With pf enabled you won't but I'd expect to see 5-6Gbps without changing anything. Something is not right on your system there.
I think last time I tested I was seeing 3-4Gbps using a Q6600 and that's quite a lot more ancient!
I will disable PF and check that way but with low expectations. Will have to be done after hours on these.
That was just a plain linux with iptables disabled. However, obviously that is a linux kernel with linux drivers. For example we have another set of gateways in the other office, with even crappier cpus (l5640) but running routeros (linux kernel and drivers) with much more firewall rules and yet we get around 7G.
I am also not sure for example on these ix0 interfaces which is used exclusively for carp, how does PF limit the performance? it's just one rule there that allows everything on that specific interface since it's connected straight to the other one. Running even through that "unfiltered" interface does not get more than 2.3 Gb/s.
Just having pf enabled on there introduces significant overhead. But I think you're right it's not just pf at work here, you should be seeing more throughput. I think you need to check the ix drive is creating multiple queues and using them. Try running
vmstat -iduring a test.
Linux will almost always perform better to various extents on given hardware. But not that much better.
Seems like it does create about 8 queues as this is another set of boxes but just with one cpu. Still, I was not yet able to exceed 2.5Gb/s and this is on a straight connection no switch in between, no nat or filtering.
A little bit ridiculous...
That's iperf3 directly between the boxes with pfSense on? With multiple connections? 8 to use all the queues.
Yes, unfurtunately. I've been playing with all sorts of ifconfig options for ix0 nic, to no avail. Some of them make matter worse but none of them better.
I believe I must accept the faith and blame freebsd. I can't spend days unfortunately troubleshooting this, the card/system should work out of the box.
I would certainly expect more from that CPU. You could try FreeBSD directly and see what performance you're seeing. Could be some obscure hardware/driver compatibility issue.

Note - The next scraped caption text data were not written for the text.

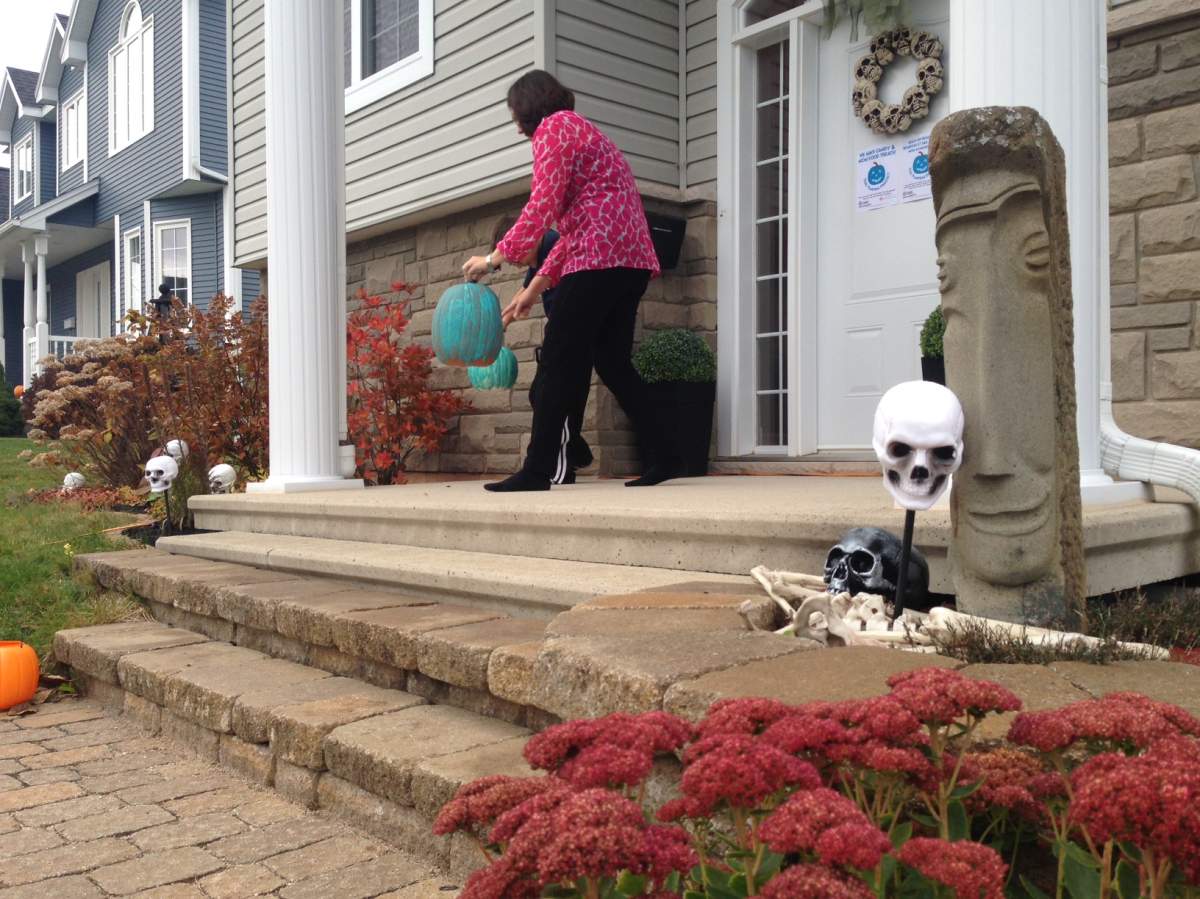 Angela Harris and her son, Campbell, put teal pumpkins outside their home to let children with allergies know they can trick or treat at their home.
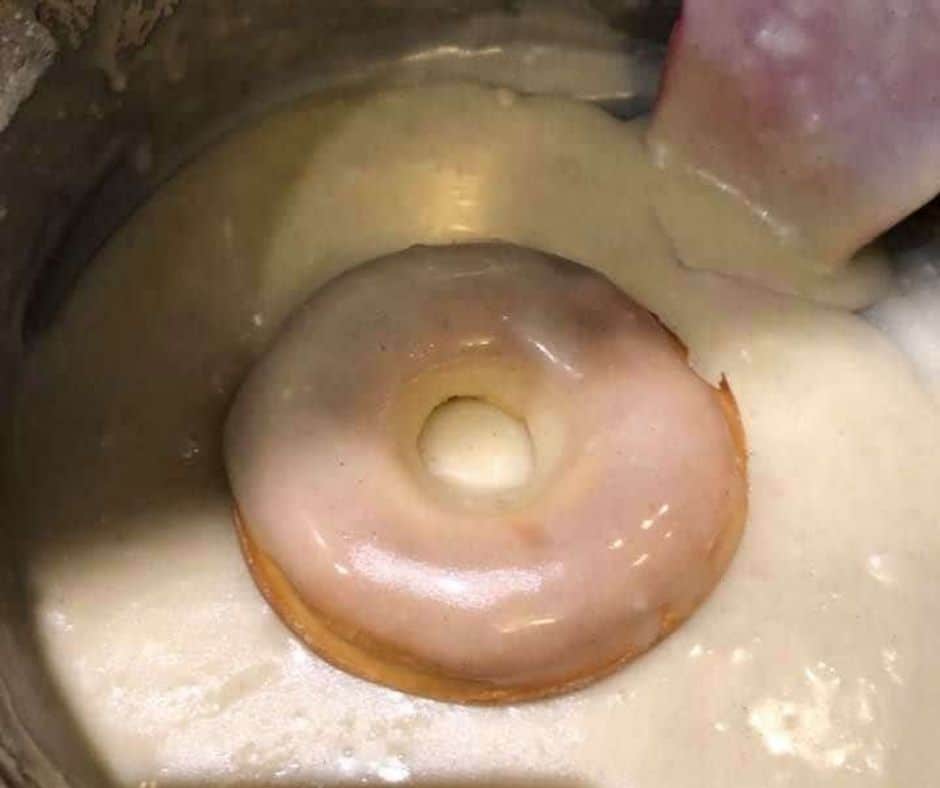 cooked donut in a bowl of white glaze
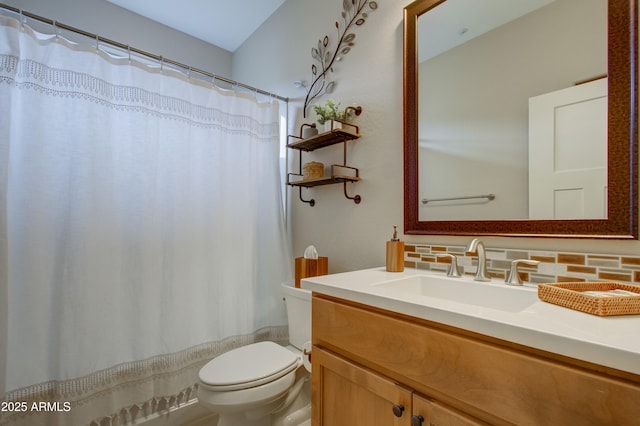 bathroom with decorative backsplash, vanity, and toilet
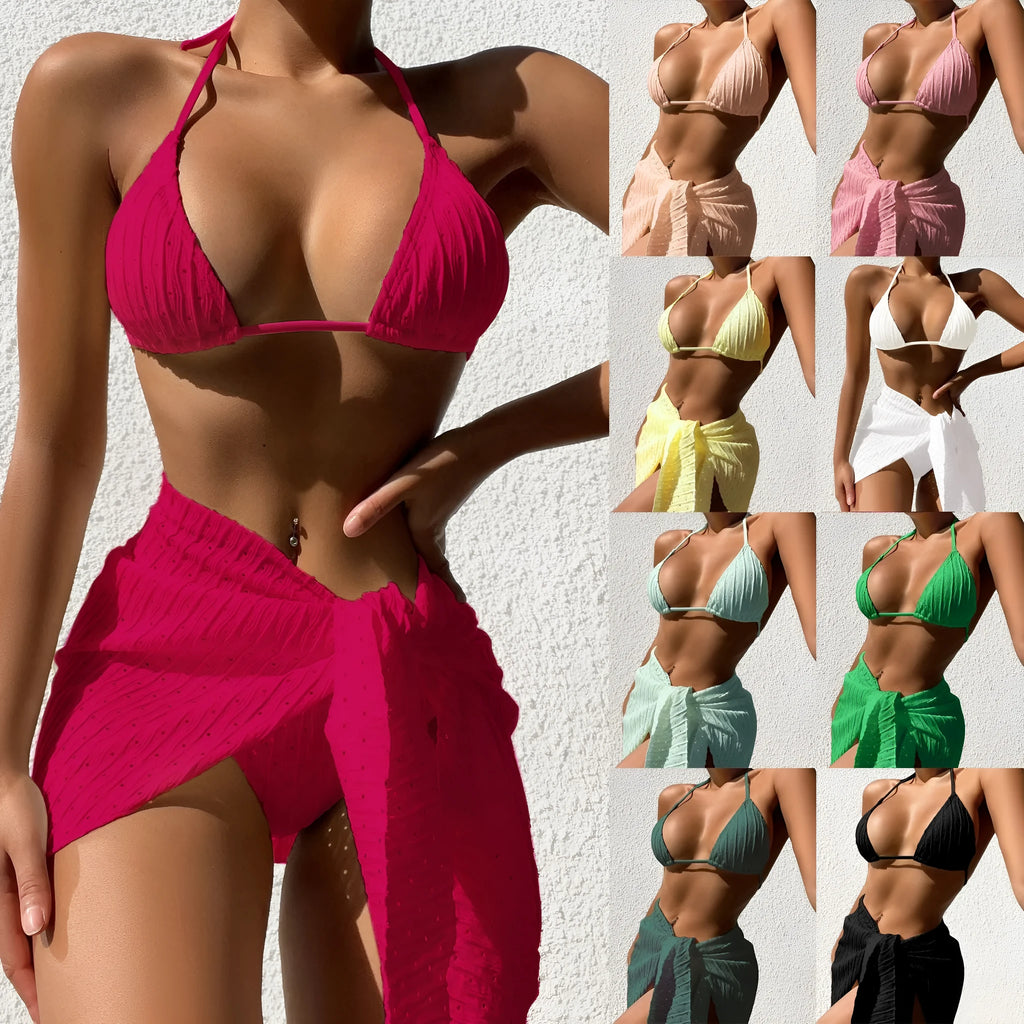 Women's three-piece halterneck swimsuit set in a solid colour with a matching mesh skirt.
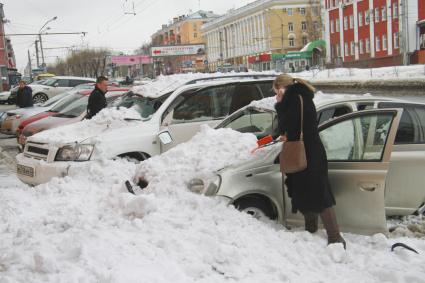 Снежная лавина обрушилась с крыши дома на тротуар и припаркованные автомобили в Барнауле. На снимке: люди стоят у поврежденных автомобилей засыпанных снегом.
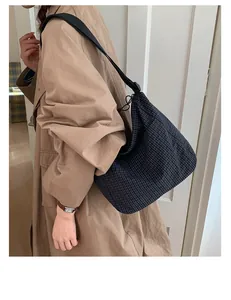 Dettaglio della borsa a tracolla in tela scozzese blu navy con coulisse su modella in trench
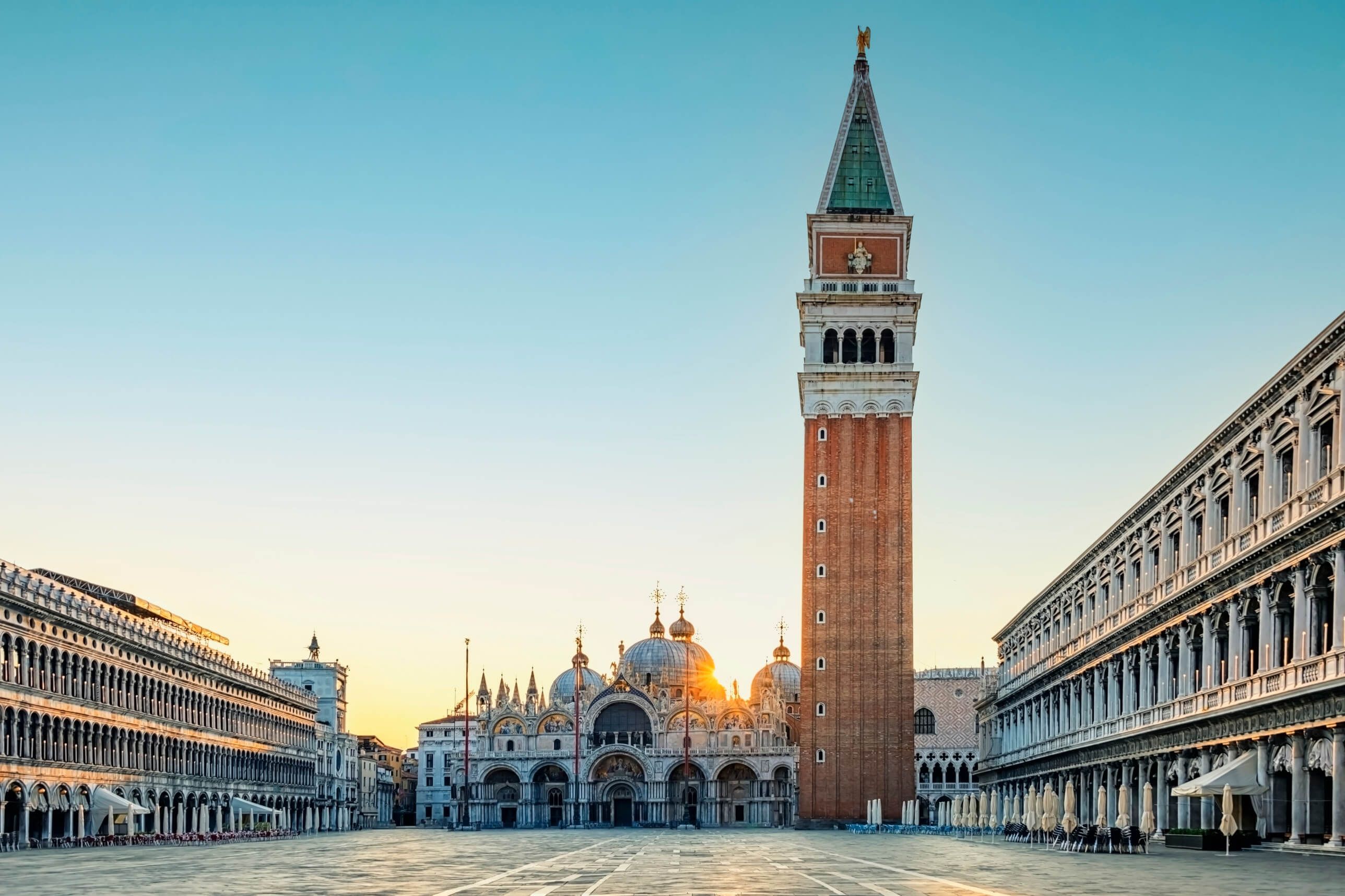 Der Markusplatz in Venedig, mit dem Glockenturm und der Basilika bei Sonnenaufgang.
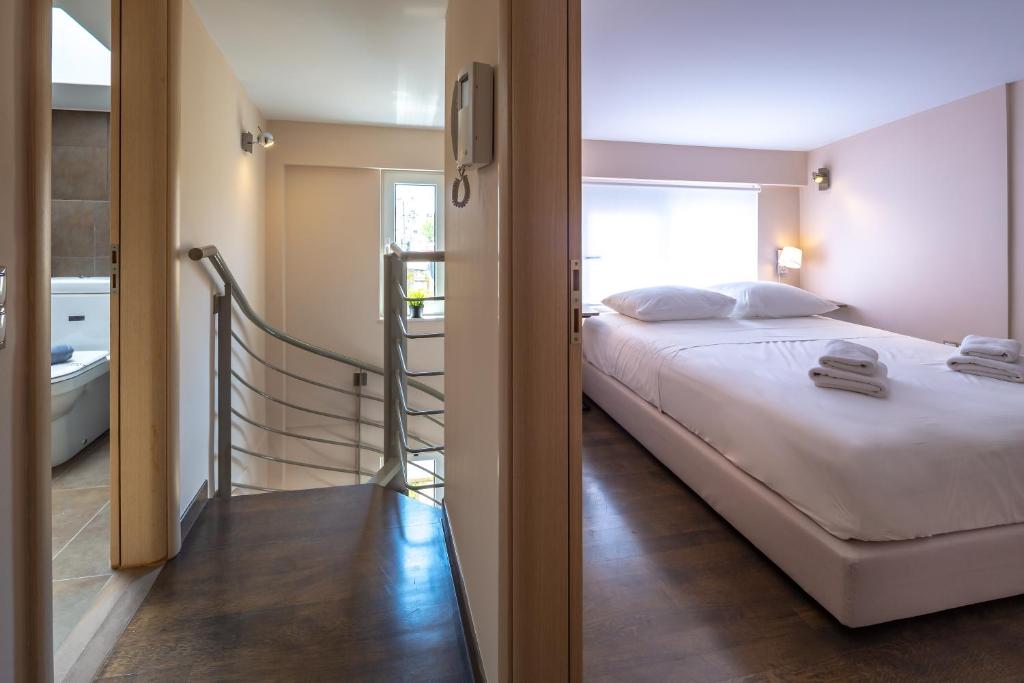 Posteľ alebo postele v izbe v ubytovaní Solon - Deluxe City Center Apartment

Alright, more digging has been done.
Setting the mtu to 9000 gets me 9.90 Gbits/sec. Of course jumbo frames should make a different but sincerely not that much expected.
So, I went on with my investigation and created two vms on same server, installed pfsense with the configs from the troublesome ones. Using virtio for net, initially I was getting pretty much the same however enabling tso and lro on vtnet0 which was the "carp" interface pushed to 28 GB/s WITHOUT jumbo frames (because they are on the same machine, local software bridge)
However, this introduced new issues such as iperf3: error - unable to write to stream socket: Permission denied, which I am sure is some default limitations that need tweaking.